2009-10-02

心の旅 このエントリーを含むはてなブックマーク 

この映画は見る人を選びそうだ。男性よりは女性むけ。
女性の中でも、10代後半から20代前半の若者およびそのくらいの年頃の娘を持つ母親へのアピールが強いだろう。
世間では女性限定試写会なるものが頻繁に行われているが、漫然と女性を対象にしてもうまくヒットしないのではないだろうか?

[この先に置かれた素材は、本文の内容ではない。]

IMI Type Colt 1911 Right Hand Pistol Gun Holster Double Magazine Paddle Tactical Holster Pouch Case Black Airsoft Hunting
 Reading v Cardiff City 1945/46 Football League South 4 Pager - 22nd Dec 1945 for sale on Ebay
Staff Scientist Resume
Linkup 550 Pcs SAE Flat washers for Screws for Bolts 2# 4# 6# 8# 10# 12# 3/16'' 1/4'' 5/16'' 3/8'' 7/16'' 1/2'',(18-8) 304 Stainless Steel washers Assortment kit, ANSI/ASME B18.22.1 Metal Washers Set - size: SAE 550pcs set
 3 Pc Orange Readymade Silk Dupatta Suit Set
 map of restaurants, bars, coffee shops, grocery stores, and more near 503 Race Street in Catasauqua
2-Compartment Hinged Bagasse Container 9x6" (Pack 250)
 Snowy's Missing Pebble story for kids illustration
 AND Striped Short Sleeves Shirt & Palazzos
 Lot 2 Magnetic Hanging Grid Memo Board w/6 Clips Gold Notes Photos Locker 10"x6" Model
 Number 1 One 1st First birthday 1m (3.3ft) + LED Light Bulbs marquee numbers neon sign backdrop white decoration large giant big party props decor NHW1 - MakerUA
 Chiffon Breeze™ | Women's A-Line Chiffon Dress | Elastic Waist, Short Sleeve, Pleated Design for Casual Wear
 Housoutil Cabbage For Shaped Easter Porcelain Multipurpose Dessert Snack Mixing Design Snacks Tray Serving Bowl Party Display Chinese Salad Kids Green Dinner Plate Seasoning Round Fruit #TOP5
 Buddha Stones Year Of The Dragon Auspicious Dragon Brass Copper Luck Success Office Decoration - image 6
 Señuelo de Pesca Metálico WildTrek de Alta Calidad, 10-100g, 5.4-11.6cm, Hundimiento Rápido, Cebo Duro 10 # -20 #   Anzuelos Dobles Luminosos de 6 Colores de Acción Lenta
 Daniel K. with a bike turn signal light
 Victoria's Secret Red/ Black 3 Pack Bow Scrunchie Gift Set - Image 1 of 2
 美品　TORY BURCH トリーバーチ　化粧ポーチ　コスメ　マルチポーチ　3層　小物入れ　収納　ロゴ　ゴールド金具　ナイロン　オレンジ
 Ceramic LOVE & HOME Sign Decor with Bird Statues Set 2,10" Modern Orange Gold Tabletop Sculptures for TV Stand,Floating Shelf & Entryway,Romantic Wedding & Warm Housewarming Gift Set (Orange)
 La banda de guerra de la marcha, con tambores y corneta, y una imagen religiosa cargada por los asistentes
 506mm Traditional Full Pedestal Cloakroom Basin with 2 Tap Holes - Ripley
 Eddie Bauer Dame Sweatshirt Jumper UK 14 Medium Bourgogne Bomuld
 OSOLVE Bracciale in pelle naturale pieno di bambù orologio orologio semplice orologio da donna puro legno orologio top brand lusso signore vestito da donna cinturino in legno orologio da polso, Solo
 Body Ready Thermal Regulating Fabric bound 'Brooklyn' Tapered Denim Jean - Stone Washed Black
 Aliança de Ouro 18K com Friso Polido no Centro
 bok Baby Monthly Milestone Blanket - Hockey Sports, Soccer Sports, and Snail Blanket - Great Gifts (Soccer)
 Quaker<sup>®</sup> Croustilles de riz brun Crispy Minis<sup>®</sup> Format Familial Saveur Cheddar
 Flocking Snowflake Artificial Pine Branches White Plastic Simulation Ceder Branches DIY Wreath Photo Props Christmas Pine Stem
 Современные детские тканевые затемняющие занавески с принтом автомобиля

ターゲットが限定される上に、もうひとつ難しい要因がある。
それは宗教観の違いである。
ドゥーニャは、あまり敬虔とは言えぬまでもイスラム教の信者。
デイジーはたぶんキリスト教徒だろうが、イスラムの戒律とは無縁な生活を送っている。
日本人はデイジーに近い感覚でこの映画を観ることになる。
画面に現れる多くのイスラムの人々のデイジーへの顰蹙目線は理解できないし、むしろ反感を覚えることだろう。
その日暮らしで男にだらしなく一見自堕落な生き方のデイジー。
イスラムの戒律に縛られてもっとしがらみを捨て自由に生きたいドゥーニャ。
デイジーは遊び相手との子供を孕み、ドゥーニャは従兄との結婚を押しつけられる。
きっかけは違うが、親友二人は相次いでモロッコへ旅立つことになる。
デイジーの実の父親がモロッコに居るのは僥倖だが、ふたりの珍道中が始まる。
デイジーは自分と母親を捨てた父親を探す自分探しの旅。
自分のしがらみを捨てたいドゥーニャはそんなデイジーにつきあって旅をする。
列車に怪しげなホテルにヒッチハイクと、治安が悪い中平気で旅するのは流石に肉食女子である。
カサブランカからマラケシュと、街中も田舎も日本とは風景がかけ離れている。
そんな広大で荒涼としていると言えなくもない景色を見ているのも実に楽しい。
人生の厳しさやさびしさを象徴しているような旅路であった。
旅路の果てに二人があらためて気が付いたことは予定調和の世界である。
そんなふうに感じること自体が、この映画の視聴対象者でないことを如実にあらわしている。(笑)
やはり、若くて色々なことに悩み多き年頃の人およびそういう人を見守っている親、とくに母親にぜひ見て欲しい映画であった。
ドゥーニャの母親も、デイジーの母親も娘を大切に思っていることは同じ。
暖かい気持ちになれる映画なので、娘を持つ父親にもおすすめである。